Monday, April 7, 2008

Lasagna Bolognese

Lasagna Bolognese

Today was a beautiful day for Ohio spring weather. It was mostly sunny and almost 70 degrees. As I drove to the grocery I drove by a golf course and there were several people out getting in their first round in for the year. I was thinking that I might join them but then I realized I need to get back to what my task was for the day. Fixing my last hearty cold weather meal. Lasagna! I’m not talking about your simple meat sauce, noodles and cheese dish but Lasagna Bolognese. Not for the faint of heart or weak minded. This recipe is made with a long simmered sauce that makes this a dish to envy. It takes time and patience but you’ll love the end product. Enjoy!

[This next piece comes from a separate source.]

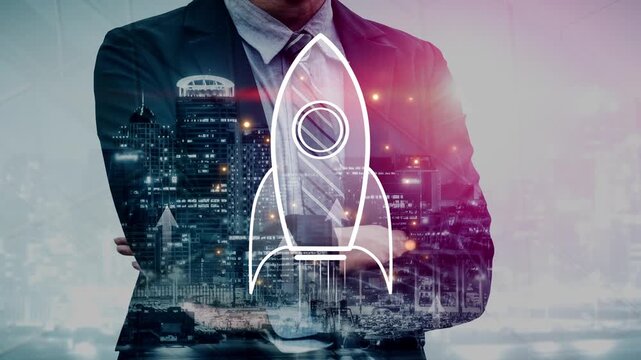 Startup launch and business growth concept, rocket symbolism, entrepreneurship, startup innovation, and early-stage success strategies for new business development and expansion. Muxer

1 box of lasagna noodles (cooked al dente)
1 Lg Jar of your favorite Marinara Sauce
1 15 oz tub of Ricotta Cheese
1 16 oz bag of shredded Mozzarella Cheese
2 C Grated Parmesan Rigiano
1 lb Lean Ground Beef
1 lb Bulk Italian Sausage
1 Tbs crushed red peppers
1 C white wine
½ C red wine
1 C whole milk
½ C water
1 C diced tomato
1 Tb Italian Herb Seasoning
2 Carrots diced
3 Stalks Celery diced
1 Med Onion
2 TB chopped chives
2TB chopped parsley
3 clove garlic chopped
1 6 oz jar Tomato Paste
Salt and Pepper

This dish is complex and there is prep to do before assembly of the Lasagna. First, we need to make the Bolognese sauce. In a large skillet start by browning the beef and Italian sausage. Once completely browned drain excess fat and set aside in a bowl. In the same skillet heat 2 TB olive oil and add the onion, celery, crushed red pepper, Italian herb seasoning and carrots and sauté until translucent. Add the garlic and cook for about another minutes until it blossoms (aroma in the air). Add the meat back to the pan and tomato paste and heat through.

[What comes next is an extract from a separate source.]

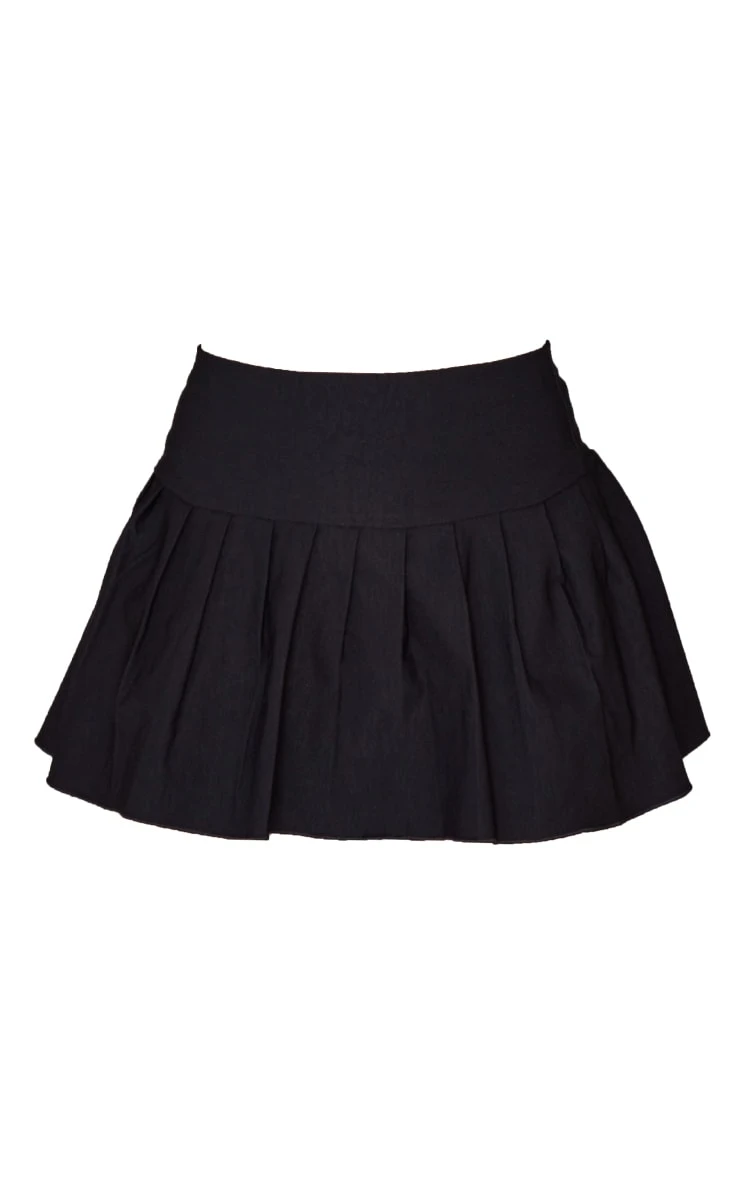 Black Stretch Woven Low Rise Pleated Micro Mini Skirt 6 Black Stretch Woven Low Rise Pleated Micro Mini Skirt - Image 6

Deglaze the pan with the red and white wine and then add the water and milk. Cover and simmer for 90 minutes. If mixture gets a little dry add some chicken stock or more water. The mixture will look somewhat like a sloppy Joe consistency. Take off of heat and let cool.

While the Bolognese is cooling make the Ricotta cheese mixture. In a bowl add the cheese, chives and parsley and mix well. Salt and pepper to taste.

To assemble the dish:
Spread a ladle of marinara on the bottom of a 9X13 glass or ceramic baking dish and then cover with one layer of noodles. Add another ladle of marinara on top of the noodles then cover with a layer of the Bolognese meat sauce. Next add dollops of the ricotta cheese mixture and top with some of the shredded Mozzarella cheese.

Continue with two more layers and top with another layer of noodles. Top with more marinara and more Shredded Mozzarella and sprinkle with Parmesan cheese and Italian seasoning and fresh cracked pepper.

Preheat oven to 375 degrees.

Cover dish with aluminum foil and place in the oven on the middle shelf. Cook for 30 minutes and then remove the foil for the remaining 15 minutes to brown the cheese slightly. Let rest for 15 minutes before cutting into 9 large pieces

To serve, heat 3 cups each of marinara and Alfredo sauces. On a plate put one small ladle of Alfredo sauce and place one of the slices of lasagna on top and spoon a small amount of marinara on top. Sprinkle with freshly grated Parmesan cheese and garnish with chopped parsley.